For the combinations of `bedrooms_cat` and `bathrooms_cat`, visualise the distribution of `price_czk`. Ensure that the plot clearly shows which combinations exist in the filtered dataset and whether price levels differ across them.



In [None]:
def task5(df):
	print(Fore.YELLOW + "Task 5")

	# chat gpt :>
	plt.figure(figsize=(10, 6))
	sns.boxplot(
		data=df,
		x='bedrooms_cat',
		y='price_czk',
		hue='bathrooms_cat'
	)
	plt.title('House Prices by Bedroom/Bathroom Categories')
	plt.xlabel('Bedrooms (category)')
	plt.ylabel('Price (CZK)')
	plt.legend(title='Bathrooms (category)')
	plt.tight_layout()
	plt.show()

In [None]:
# TODO: Task 05
task5(houses_categorised)


## Task 06 – Focus on two-bedroom houses

Restrict the data to houses with exactly two bedrooms (before categorisation). Plot `price_czk` against `living_area_m2`, colour the points by `fireplace`, and scale the point size according to the number of bathrooms (treat `bathrooms` as numeric for this plot).

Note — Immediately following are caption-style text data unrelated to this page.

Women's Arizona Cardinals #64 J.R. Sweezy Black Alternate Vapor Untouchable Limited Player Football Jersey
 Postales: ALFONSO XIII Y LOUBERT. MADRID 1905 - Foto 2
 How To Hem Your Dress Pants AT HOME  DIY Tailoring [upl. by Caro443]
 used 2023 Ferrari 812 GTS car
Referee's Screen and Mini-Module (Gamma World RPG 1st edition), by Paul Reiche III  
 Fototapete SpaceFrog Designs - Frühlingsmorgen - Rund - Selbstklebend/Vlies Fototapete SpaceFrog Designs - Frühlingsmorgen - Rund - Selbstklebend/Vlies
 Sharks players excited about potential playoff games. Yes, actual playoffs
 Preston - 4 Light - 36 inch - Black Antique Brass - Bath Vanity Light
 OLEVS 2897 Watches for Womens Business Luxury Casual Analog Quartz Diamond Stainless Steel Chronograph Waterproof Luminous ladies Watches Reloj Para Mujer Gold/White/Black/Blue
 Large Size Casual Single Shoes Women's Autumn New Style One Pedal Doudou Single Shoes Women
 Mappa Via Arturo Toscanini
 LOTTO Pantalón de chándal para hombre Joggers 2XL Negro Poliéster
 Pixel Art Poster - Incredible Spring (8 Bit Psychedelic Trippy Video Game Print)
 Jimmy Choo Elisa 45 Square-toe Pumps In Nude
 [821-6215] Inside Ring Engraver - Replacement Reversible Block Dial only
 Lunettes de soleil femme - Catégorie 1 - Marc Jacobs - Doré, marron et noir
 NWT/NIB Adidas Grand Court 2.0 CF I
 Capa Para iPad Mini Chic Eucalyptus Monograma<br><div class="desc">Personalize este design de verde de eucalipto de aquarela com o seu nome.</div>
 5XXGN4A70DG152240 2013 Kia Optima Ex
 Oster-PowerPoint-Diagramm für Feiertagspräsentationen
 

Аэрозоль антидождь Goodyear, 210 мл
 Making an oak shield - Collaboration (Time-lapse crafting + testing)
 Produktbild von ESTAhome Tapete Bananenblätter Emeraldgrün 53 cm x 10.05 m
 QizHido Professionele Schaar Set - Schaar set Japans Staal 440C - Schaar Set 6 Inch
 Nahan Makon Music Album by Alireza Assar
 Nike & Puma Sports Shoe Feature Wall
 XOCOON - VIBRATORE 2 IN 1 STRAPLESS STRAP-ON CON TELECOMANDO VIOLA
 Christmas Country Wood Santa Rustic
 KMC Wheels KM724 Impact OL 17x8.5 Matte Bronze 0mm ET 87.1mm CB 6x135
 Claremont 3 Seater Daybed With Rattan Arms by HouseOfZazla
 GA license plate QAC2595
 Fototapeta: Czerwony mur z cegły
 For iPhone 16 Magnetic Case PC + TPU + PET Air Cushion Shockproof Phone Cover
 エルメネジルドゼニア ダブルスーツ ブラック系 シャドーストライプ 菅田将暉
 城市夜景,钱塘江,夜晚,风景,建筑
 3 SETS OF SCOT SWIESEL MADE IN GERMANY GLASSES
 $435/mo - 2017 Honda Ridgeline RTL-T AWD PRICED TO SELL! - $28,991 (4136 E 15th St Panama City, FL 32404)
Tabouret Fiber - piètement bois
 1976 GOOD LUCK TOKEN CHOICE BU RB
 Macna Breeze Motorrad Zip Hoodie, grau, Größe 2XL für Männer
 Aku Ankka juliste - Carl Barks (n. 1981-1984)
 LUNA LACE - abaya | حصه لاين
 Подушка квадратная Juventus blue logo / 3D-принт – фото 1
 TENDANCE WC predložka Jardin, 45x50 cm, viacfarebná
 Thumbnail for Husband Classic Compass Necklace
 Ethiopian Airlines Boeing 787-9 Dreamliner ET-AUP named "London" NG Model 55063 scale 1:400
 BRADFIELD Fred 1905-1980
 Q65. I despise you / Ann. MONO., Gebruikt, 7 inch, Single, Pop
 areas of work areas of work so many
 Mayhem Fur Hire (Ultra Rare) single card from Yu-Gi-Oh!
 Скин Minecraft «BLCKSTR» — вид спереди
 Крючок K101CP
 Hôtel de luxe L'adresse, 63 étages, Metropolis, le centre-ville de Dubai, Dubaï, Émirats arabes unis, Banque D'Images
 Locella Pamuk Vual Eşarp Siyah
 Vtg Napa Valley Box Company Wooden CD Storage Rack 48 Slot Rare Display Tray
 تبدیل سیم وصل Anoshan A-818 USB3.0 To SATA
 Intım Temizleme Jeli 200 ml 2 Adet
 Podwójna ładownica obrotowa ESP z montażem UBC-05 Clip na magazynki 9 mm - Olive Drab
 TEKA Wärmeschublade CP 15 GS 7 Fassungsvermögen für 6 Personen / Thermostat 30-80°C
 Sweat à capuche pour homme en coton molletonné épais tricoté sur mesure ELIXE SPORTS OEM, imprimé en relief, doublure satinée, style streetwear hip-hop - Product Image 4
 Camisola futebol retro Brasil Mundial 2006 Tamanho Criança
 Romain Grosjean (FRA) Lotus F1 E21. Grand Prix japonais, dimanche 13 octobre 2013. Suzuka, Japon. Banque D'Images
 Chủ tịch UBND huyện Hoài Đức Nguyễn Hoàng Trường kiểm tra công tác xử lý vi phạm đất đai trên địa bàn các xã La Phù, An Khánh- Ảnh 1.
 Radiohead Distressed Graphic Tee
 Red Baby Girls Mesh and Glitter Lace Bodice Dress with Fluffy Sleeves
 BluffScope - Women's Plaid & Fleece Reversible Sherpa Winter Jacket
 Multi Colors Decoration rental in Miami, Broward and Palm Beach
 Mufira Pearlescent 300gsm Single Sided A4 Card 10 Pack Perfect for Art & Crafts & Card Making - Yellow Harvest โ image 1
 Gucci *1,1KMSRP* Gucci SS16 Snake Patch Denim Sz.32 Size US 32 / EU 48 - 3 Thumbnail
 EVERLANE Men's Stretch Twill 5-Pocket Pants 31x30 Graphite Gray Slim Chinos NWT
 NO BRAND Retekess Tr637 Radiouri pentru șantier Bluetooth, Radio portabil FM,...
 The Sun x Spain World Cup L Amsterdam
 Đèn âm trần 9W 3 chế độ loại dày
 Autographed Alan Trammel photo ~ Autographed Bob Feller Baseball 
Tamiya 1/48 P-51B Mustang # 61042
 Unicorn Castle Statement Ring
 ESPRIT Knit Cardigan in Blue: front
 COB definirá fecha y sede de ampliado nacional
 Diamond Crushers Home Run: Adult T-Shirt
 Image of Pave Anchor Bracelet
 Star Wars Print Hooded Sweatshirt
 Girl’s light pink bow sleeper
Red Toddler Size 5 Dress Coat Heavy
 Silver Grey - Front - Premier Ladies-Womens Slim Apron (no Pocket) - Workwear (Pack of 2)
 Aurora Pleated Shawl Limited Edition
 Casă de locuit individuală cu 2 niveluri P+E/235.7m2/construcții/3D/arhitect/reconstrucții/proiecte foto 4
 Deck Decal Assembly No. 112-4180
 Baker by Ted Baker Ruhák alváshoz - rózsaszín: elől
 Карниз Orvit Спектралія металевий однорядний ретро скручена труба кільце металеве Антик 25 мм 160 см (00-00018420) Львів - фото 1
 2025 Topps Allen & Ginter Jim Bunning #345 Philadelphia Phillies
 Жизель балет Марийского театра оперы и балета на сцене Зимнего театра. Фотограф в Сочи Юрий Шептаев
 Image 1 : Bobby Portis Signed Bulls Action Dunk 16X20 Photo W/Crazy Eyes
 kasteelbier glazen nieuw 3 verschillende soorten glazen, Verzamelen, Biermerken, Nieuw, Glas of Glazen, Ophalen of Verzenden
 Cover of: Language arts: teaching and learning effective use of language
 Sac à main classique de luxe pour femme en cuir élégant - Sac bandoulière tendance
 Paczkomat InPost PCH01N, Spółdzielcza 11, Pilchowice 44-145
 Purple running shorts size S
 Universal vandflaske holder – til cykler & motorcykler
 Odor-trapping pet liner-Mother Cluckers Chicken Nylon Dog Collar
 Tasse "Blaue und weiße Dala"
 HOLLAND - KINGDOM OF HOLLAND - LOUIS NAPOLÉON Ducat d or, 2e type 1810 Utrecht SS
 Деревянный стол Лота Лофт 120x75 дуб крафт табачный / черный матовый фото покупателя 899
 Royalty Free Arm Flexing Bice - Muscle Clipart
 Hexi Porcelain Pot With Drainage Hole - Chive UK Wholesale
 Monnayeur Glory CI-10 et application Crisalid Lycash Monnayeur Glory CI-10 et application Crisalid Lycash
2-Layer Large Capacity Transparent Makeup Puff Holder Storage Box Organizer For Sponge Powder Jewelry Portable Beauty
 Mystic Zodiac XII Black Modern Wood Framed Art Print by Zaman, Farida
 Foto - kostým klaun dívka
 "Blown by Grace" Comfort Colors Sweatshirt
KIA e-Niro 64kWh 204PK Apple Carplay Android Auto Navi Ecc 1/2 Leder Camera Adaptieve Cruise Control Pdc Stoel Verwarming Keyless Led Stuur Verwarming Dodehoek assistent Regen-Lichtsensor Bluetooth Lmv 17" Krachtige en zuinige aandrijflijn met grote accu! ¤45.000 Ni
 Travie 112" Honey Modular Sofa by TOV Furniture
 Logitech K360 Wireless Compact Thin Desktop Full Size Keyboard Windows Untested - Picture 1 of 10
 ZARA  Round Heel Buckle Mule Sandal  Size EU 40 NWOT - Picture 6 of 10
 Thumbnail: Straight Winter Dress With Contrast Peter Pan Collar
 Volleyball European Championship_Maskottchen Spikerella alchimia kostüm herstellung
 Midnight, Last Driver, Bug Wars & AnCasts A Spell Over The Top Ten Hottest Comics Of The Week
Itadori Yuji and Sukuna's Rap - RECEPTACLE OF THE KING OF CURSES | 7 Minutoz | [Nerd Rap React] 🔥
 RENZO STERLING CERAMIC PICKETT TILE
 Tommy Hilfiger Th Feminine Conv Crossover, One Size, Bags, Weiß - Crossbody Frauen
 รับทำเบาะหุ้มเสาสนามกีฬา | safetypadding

**From this point on, continue working with the subset of two-bedroom houses unless a task specifies otherwise.**



In [None]:
def task6(df, do_print=False):
	if do_print:
		print(Fore.YELLOW + "Task 6")

	df = df[df['bedrooms'] == 2]
	if do_print:
		sns.scatterplot(
			data=df,
			x='price_czk',
			y='living_area_m2',
			hue='fireplace',
			size='bathrooms')
		plt.show()

	return df

In [None]:
# TODO: Task 06
houses_two_bedrooms = task6(houses_converted_units, do_print)


# Simple linear regression




## Task 07 – Simple regression (with and without intercept)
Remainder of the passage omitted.